The city's retail vacancy rate fell by 1.7 percent between 2012 and 2013, one of the biggest gains in metropolitan markets across the country during that time period. Downtown Birmingham's population grew by 36 percent to 9,400 people between 2000 and 2010. That number is likely to grow as more than 1,000 housing units are under construction or being planned downtown. Projects like Railroad Park, which includes ponds, an amphitheater, a skatepark, a playground and pathways, and a recently completed 8,500-seat minor league baseball stadium (Regions Field) lure people downtown for events and activities. They've also caught the eye of a group of investors who recently purchased a warehouse and several buildings near the ballpark.

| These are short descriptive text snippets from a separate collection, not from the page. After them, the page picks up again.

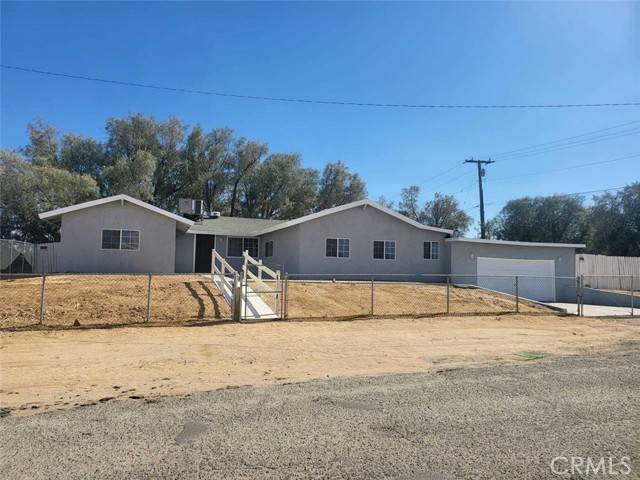 California City, CA 93505,9440 Heather Ave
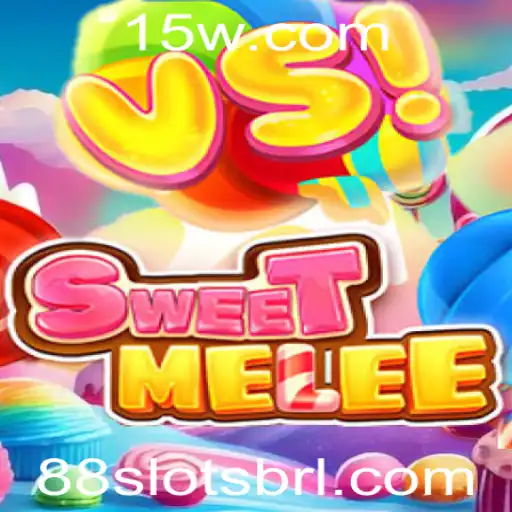 Descubra o Fascinante Mundo de SweetMelee com 88 Slots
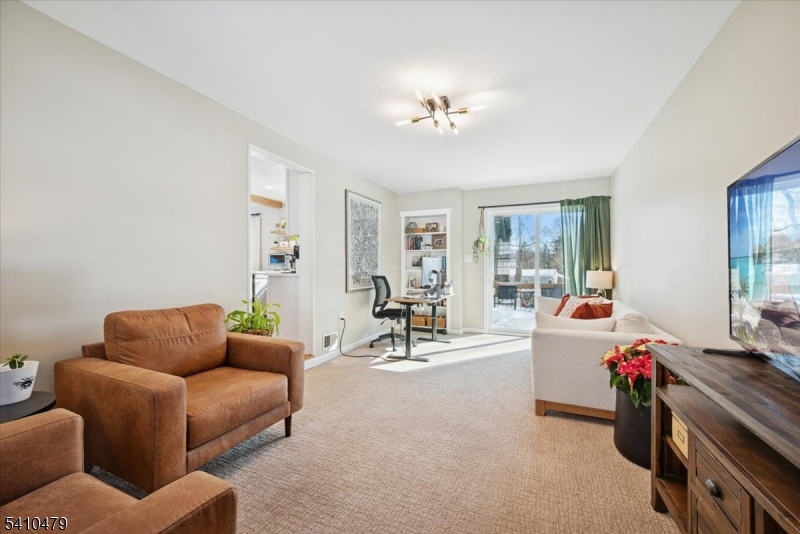 BUTTERWORTH - Residential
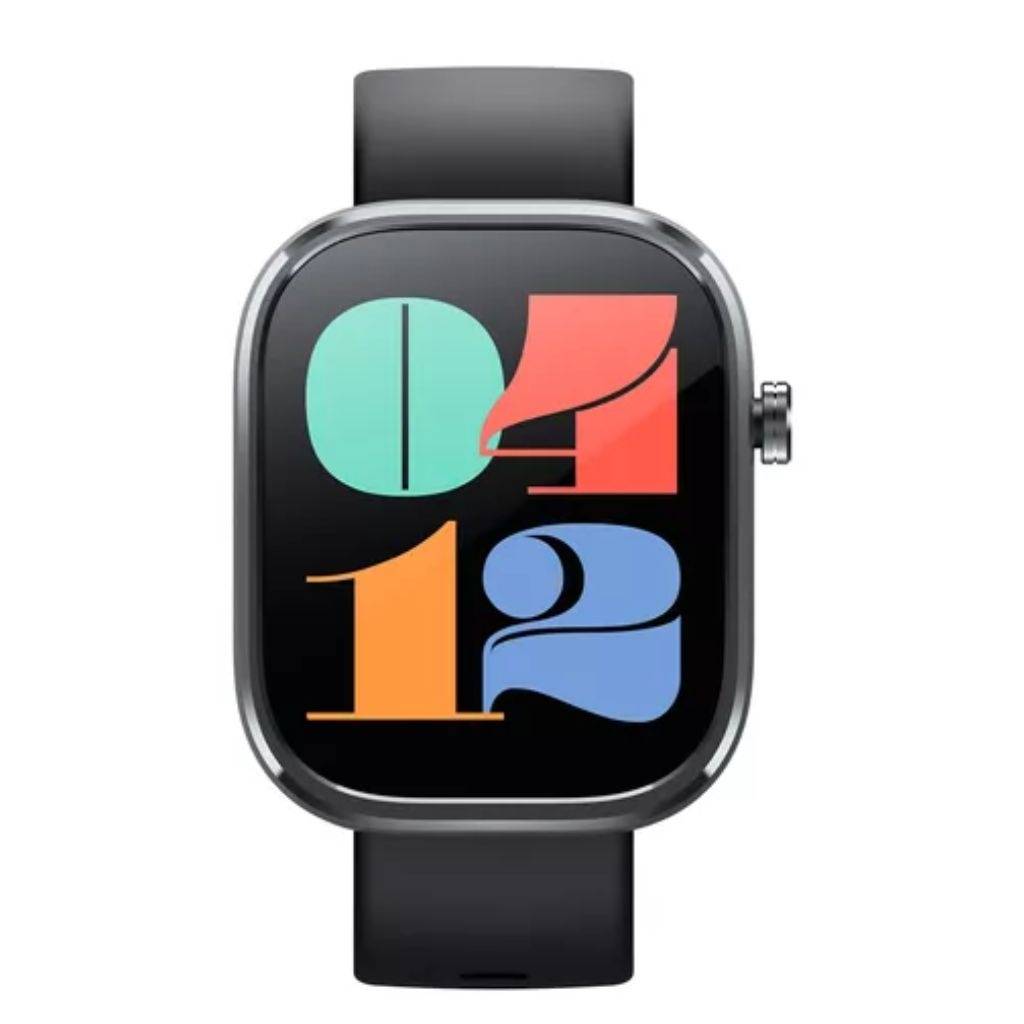 Mibro C4 by XIAOMI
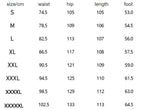 Pants Denim Men Jeans Wide Leg Long Pant Vintage Loose Hot Drilling High Waist Straight Trousers Y2k Streetwear Lace Up Spring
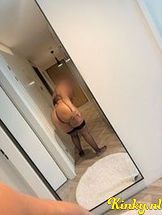 kenia-prive-ontvangst-via-kinky-68f5ef220e66ef00137b2d8f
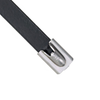 Cable Ties and Zip Ties - 298-16897-ND - DigiKey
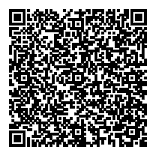QR код мини отеля Таврия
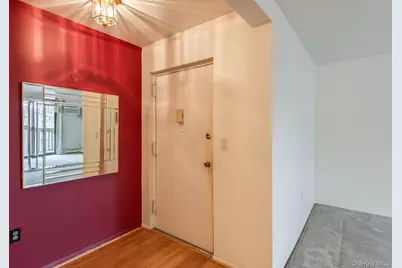 3 Hook Road #15D, Poughkeepsie, NY 12601 - Photo 3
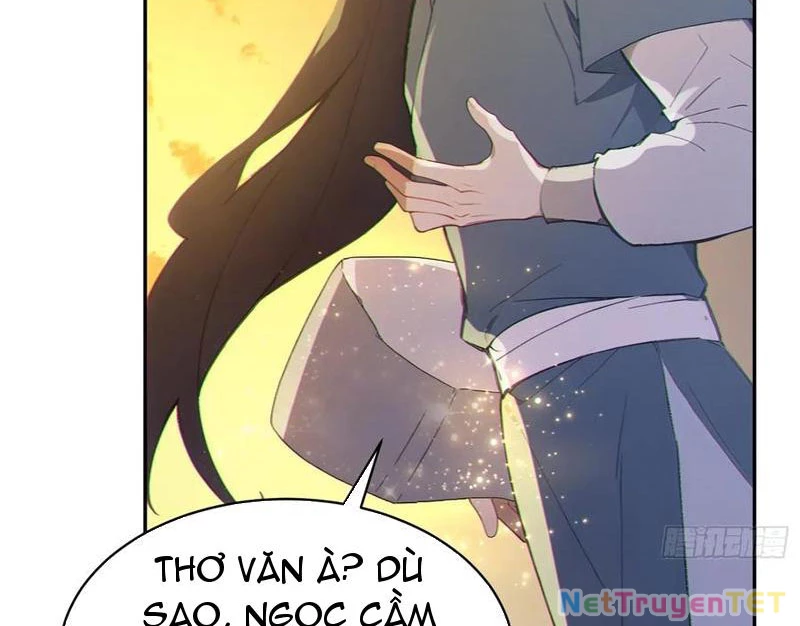 Ta thật sự không muốn làm thánh tiên Chapter 100 - 65
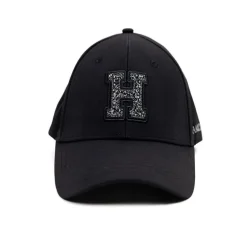 Casquette équitation Adisson - Harcour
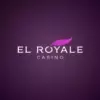 El Royale Casino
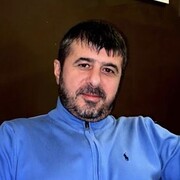  --,   , 45 ,   ,   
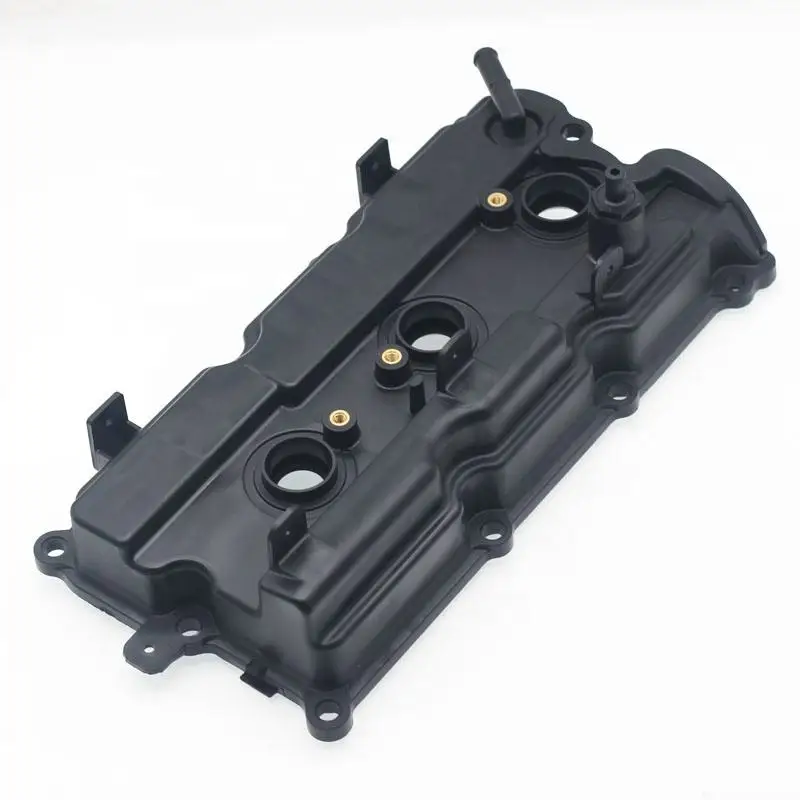 Engine Valve Cover 13264-8J102 13264-9Y400 13264-7Y000 For Nissan MURANO Z50 3.5 350Z 3.5 INFINITI FX35 3.5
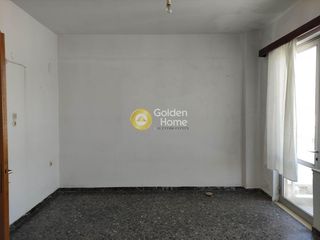 Κτίριο 212 τ.μ. προς πώληση, Καππαριανά-thumb-5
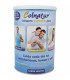 COLNATUR CLASSIC VAINILLA 300 GR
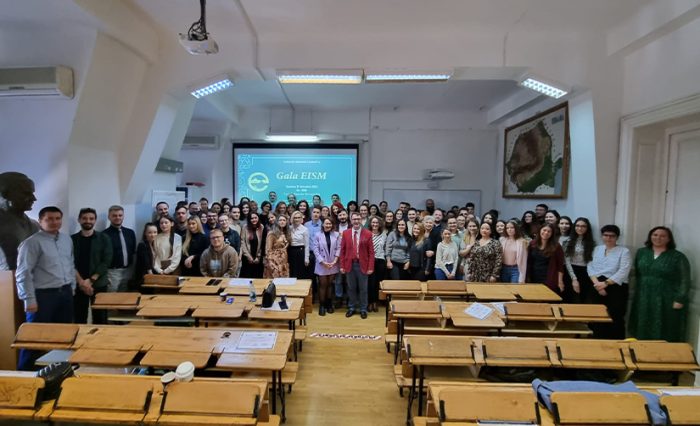 Evaluarea Integrată a Stării Mediului v1 - STIRE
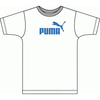 PUMA Large Logo Men`s Tee (80604804)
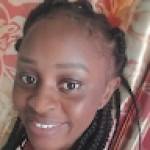 Vanelle VOUGTSA TSAKENG Profile Picture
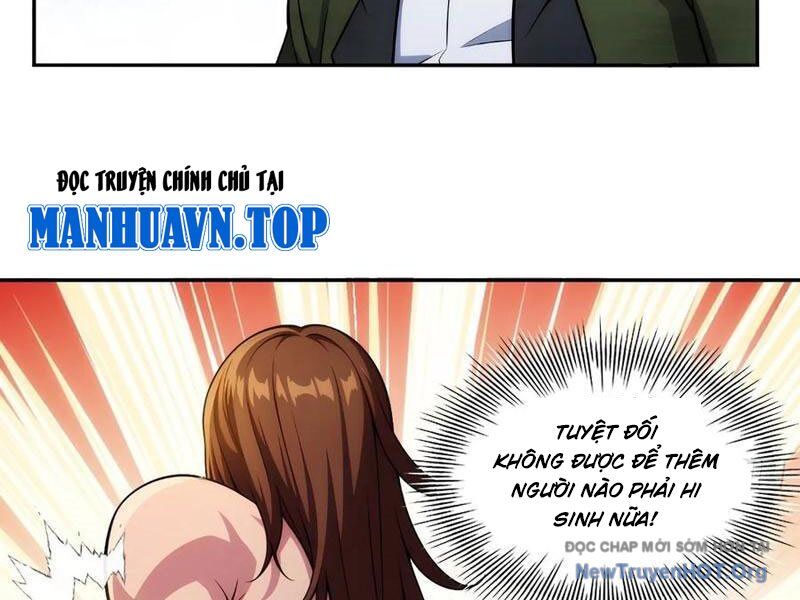 Ma Tôn Nữ Đế Xuyên Không Thành Cấp Trên Của Tôi! Chap 49 - Next Chap 50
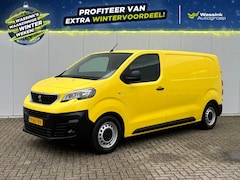 Peugeot Expert - 226S GB 1.6 BlueHDi 95pk 3p. Pro | Airco |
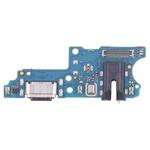 For Tecno Spark 10 Pro KI7 Charging Port Board with iC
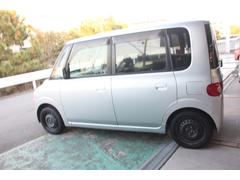 ����� �������ѡ���ʡ���ξ 0601301A30251208W001 4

The investors plan to develop office and residential space, envisioning the rooftops of some living units overlooking Regions Field.
A few blocks north of Railroad Park sits the historic Alabama Theatre which was renovated in recent years. Across the street, the Lyric awaits its return with a $7 million renovation in progress. In nearby Uptown, an entertainment district that includes the Birmingham-Jefferson Convention Complex, a new $70 million Westin Hotel offers prime accommodations within walking distance of high-end restaurants and pubs. State legislators recently approved tax breaks for businesses that renovate buildings and storefronts located in historic sections of downtown. One of the largest projects using the tax credit is a $60 million conversion of the Pizitz Building from office space to retail and residential space.
Residents outside the downtown area are coming in for events like the Sidewalk Film Festival and Magic City Art Connection, as well as shows at the Alabama Theatre and Red Mountain Theatre. They bustle in and out of funky new shops and restaurants that have sprouted up on Second Avenue and circulate around the Loft District, which offers fine dining and nightlife. New residents find the downtown area gradually becoming more walkable and often ride bicycles to work.